Once decision was made, for the first time in my life I wanted to buy my next laptop wisely. So I wrote requirements!:

  1. it should be small – 13’’ would be preferable, but 15’’ should go fine too
  2. it should have some brand new processor and 32GB RAM or more
  3. display should support al least FullHD on IPS matrix; 4k resolution is probably unnecessary for 13’’
  4. it should allow to plug-in 2 external monitors simultaneously
  5. must have 1Gbit Ethernet socket (as there is no WiFi inside an office due to security reasons)
  6. should support 2 SSD drives, at least one must be PCIex NVMe
  7. good secondary graphic card will be a huge advantage (as the MacBook had only the build-in Intel HD Graphics 3000 – slow as a 3-wheel kid bike)
  8. doesn’t need DVD drive
  9. should support Windows 10 Pro x64
  10. BT 4.0, TPM module, SD-card reader will be an advantage
  11. not too heavy


And then started looking around for anything matching my wishes. Unfortunately, and I cried about it a lot, Apple was out almost immediately. Since I wanted to max the spec on the day one and never care about an upgrade in the future, MacBooks turned out to be extremely expensive. 2 sometimes even 3 times more than the competition with similar components. That is insane. I like them, but I am not such a fan boy.

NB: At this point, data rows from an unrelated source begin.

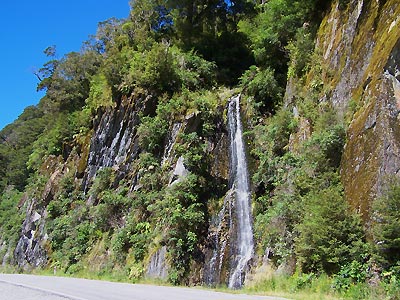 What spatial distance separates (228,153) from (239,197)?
292 centimetres

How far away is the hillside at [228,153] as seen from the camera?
1207 centimetres

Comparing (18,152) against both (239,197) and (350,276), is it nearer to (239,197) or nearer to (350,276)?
(239,197)

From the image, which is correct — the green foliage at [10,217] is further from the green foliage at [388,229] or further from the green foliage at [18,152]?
the green foliage at [388,229]

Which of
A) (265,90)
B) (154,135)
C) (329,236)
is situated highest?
(265,90)

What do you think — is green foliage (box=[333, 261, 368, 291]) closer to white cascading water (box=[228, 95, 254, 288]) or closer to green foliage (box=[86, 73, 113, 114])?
white cascading water (box=[228, 95, 254, 288])

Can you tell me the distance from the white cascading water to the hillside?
75 mm

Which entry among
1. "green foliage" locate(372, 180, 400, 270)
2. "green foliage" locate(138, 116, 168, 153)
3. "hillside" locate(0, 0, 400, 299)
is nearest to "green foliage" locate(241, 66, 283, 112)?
"hillside" locate(0, 0, 400, 299)

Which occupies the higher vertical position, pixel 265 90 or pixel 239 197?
pixel 265 90

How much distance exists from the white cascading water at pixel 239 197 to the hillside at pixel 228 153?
3.0 inches

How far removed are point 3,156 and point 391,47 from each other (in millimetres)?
60548

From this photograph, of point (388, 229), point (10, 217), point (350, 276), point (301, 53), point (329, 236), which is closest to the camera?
point (388, 229)

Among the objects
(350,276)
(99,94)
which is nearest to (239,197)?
(350,276)

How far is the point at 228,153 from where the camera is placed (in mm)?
21750

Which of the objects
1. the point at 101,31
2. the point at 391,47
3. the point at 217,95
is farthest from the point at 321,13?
the point at 101,31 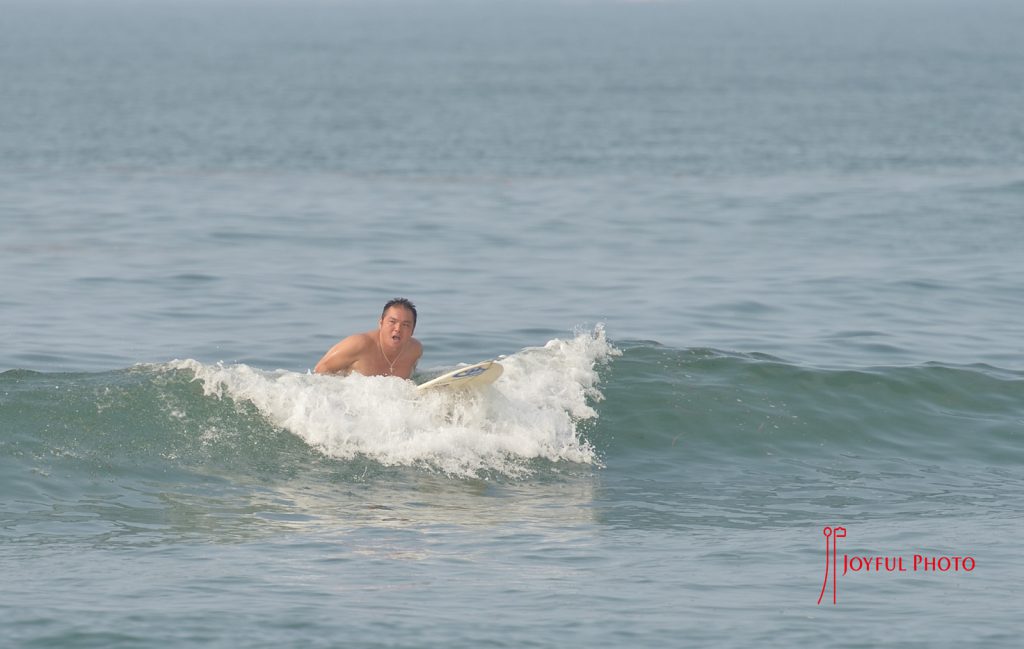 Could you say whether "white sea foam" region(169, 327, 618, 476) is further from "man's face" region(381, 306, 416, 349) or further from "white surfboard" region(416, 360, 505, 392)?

Also Lenovo jumped out from the competition, but mostly by my personal preferences. Few years back I had two business editions of T51 and I was using them happy until both died almost at the same time, few months after warranty period. I don’t want to say anything bad about Lenovo’s quality as they were really good hardware. It just kept worrying me at the back of my head.


My final choice became: MSI GE62VR Apache Pro i7-7700HQ/32GB/1TB GTX1060 with Samsung 512GB 960 Pro M.2 2280 NVMe as the main drive. After those four months of usage I am really satisfied with this laptop.


Pros:

  • it’s fast (~9 seconds for cold boot to be logged in in Windows, including PIN typing)
  • the quality of colors of the build-in display in really impressive
  • supports 3 displays simultaneously (2 externals and the build-in), that gives lots of space for developer
  • Steelseries keyboard, which is stunning with key reprogramming (changed Pause/Break into Delete) and customizable colors
  • touchpad can be disabled with a shortcut (Fn+F3)
  • it has GTX 1060 and let play newest games with really good quality and framerate
  • is VR-ready


Cons:

  • it almost can’t work without power supply (1.5h if doing only presentation with only HDMI projector attached; when Visual Studio or similar IDE is running it goes down to less than 1h)
  • the given HDD is extremely noisy, I mean it!
  • playing newest games on ultra might make the center of keyboard really hot (65C or more)
  • chassis bottom is plastic not aluminum


I hope you find it useful.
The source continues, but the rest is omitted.